Dozens gather for 'Save our ER' rally at Concordia Hospital

Dozens of people, including hospital staff, union representatives and community members, gathered outside Concordia Hospital on Tuesday to protest the province's plan to close its emergency department.

Ric McAlpine, president of CUPE 1973, works at Concordia Hospital and organized the rally.

"I think it's a catastrophic decision," McAlpine said. "Closing our facility means that a huge area of Winnipeg is going to have absolutely no emergent or urgent [care] for thousands and thousands of people."

As part of an effort to streamline emergency services, three of Winnipeg's ERs will be closing, including Concordia, the provincial government announced on Friday. The emergency departments at Seven Oaks and Victoria General Hospital will close and be converted to urgent care centres, a place to treat immediate but non-life-threatening emergencies.

The province based the decision on recommendations in a report commissioned by the previous NDP government to look at ways to make health care more efficient.

Jenna Gomulinski attended the rally with her two young children. The former Concordia employee, who lives in Lockport, said she fears the commute to another hospital when this one closes.

"I feel like it would be a burden on northeast Winnipeg and surrounding areas," she said. "When your kid has a fever in the middle of the night or when someone's fallen and needs stitches, it still feels like an emergency to a parent, and these services are needed and can't wait till Monday morning."

Judy Holstrom calls the closure a tragedy. Closing the ER without offering an alternative such as an urgent care centre is concerning, said Holstrom, who lives in the area and worked in the hospital for 20 years.

"Especially for people out in Transcona, the distance is going to be unbelievable. Not all of us [have] the ability to get an ambulance," she said. "I hope they change their mind."

ER doctor fears job losses

Dr. Terence Bergmann, an emergency physician at Concordia, is not convinced the province's plan is sound.
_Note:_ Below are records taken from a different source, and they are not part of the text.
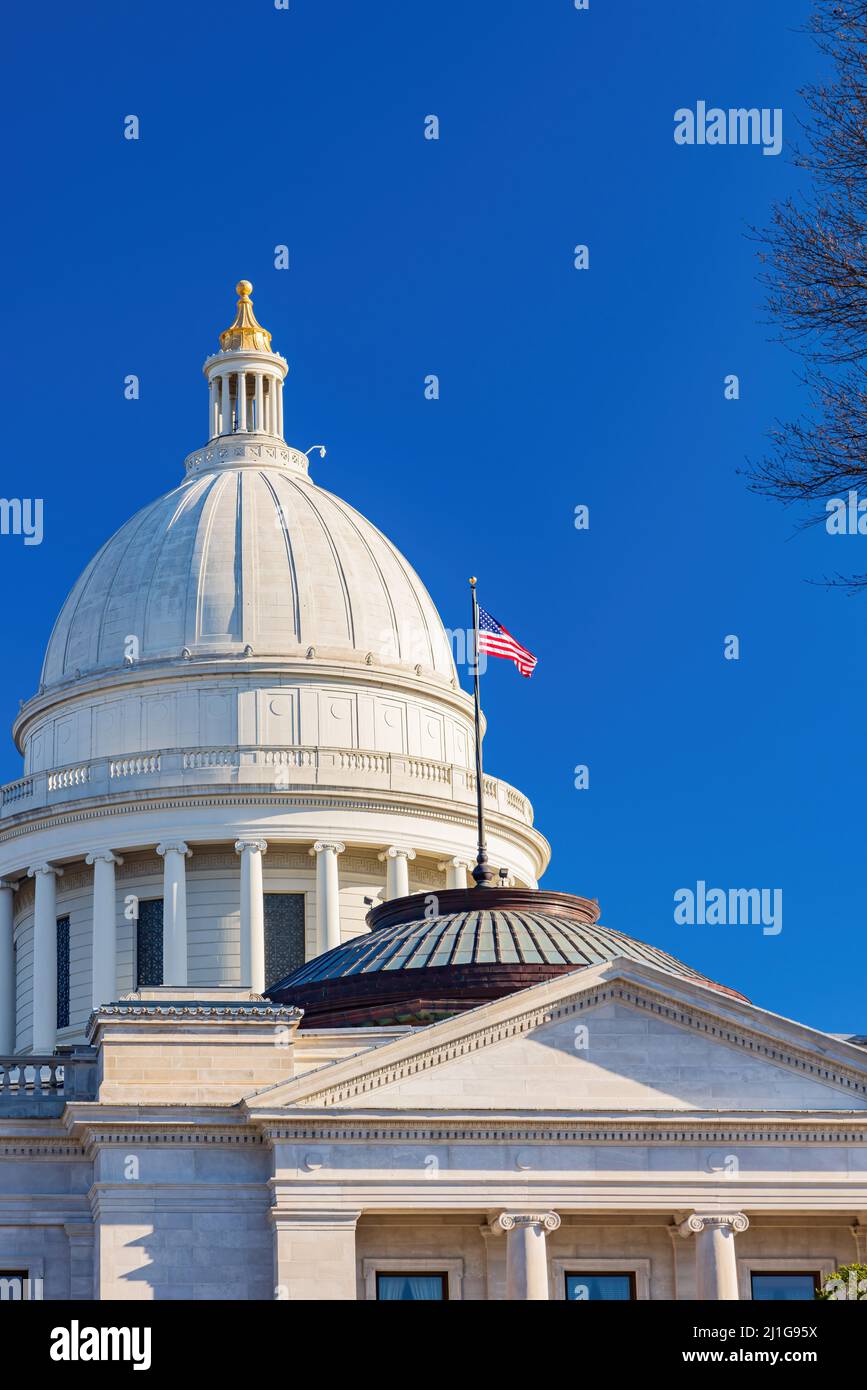 Vista soleggiata dell'edificio del Campidoglio dell'Arkansas Foto Stock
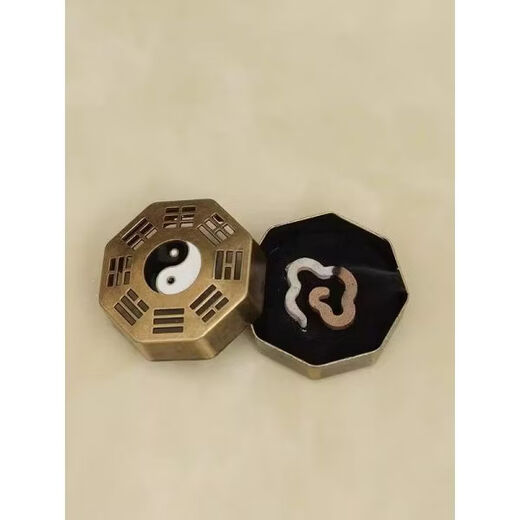 Shantou Lincun mini Bagua Tai Chi furnace household sandalwood incense alloy ornaments Bagua furnace Spring letter in the snow Bagua bronze furnace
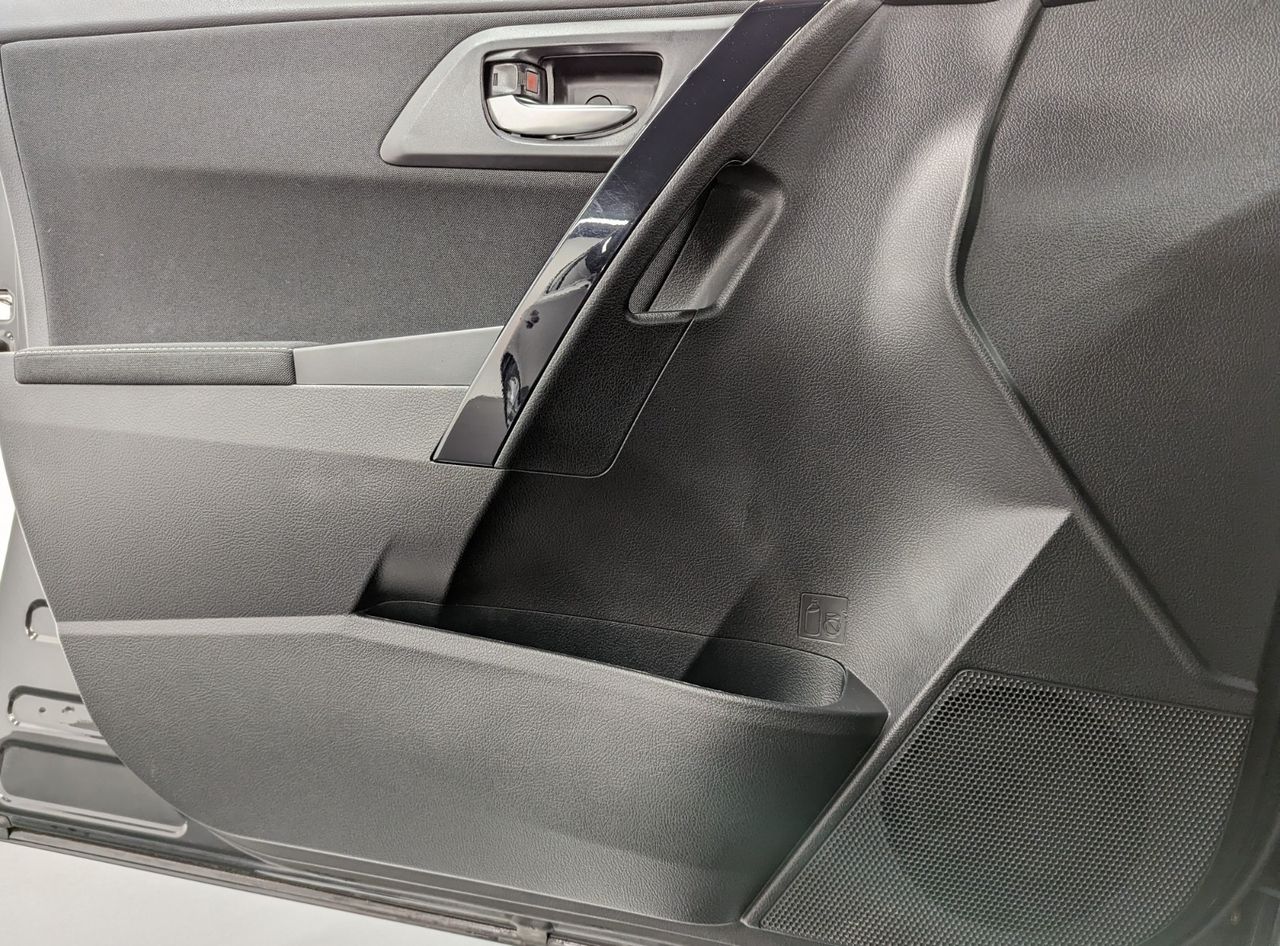 Toyota Auris Hybride 136h design business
He said hospital staff have received limited information how remaining emergency rooms will accommodate the influx of patients when Concorida closes.

"We don't have the ability to take all of the patients we're seeing and add them to the other hospitals" he said. "Unless they show some way they're going to be able to fit people in, and ideally faster, this is a plan that doesn't have a solid footing."

Job security is another issue. The Winnipeg Regional Health Authority (WRHA) stated there will be jobs for those who want one, but Bergmann isn't convinced his younger staff are protected. Since the announcement, eight nurses have asked him for references to get jobs elsewhere.

"The government can say this is going to be a nice slow closure. I do not think it will be," he said. "If people abandon ship we're not going to have any staff working to carry this through."​

​The Concordia emergency department saw 29,608 patients last year, according to the WRHA.

McAlpine said even though the government has made its decision there is still time to reverse its course.

"We have time now to get the community to push back and say we want a plan, and we want that plan to include emergency care for Concordia."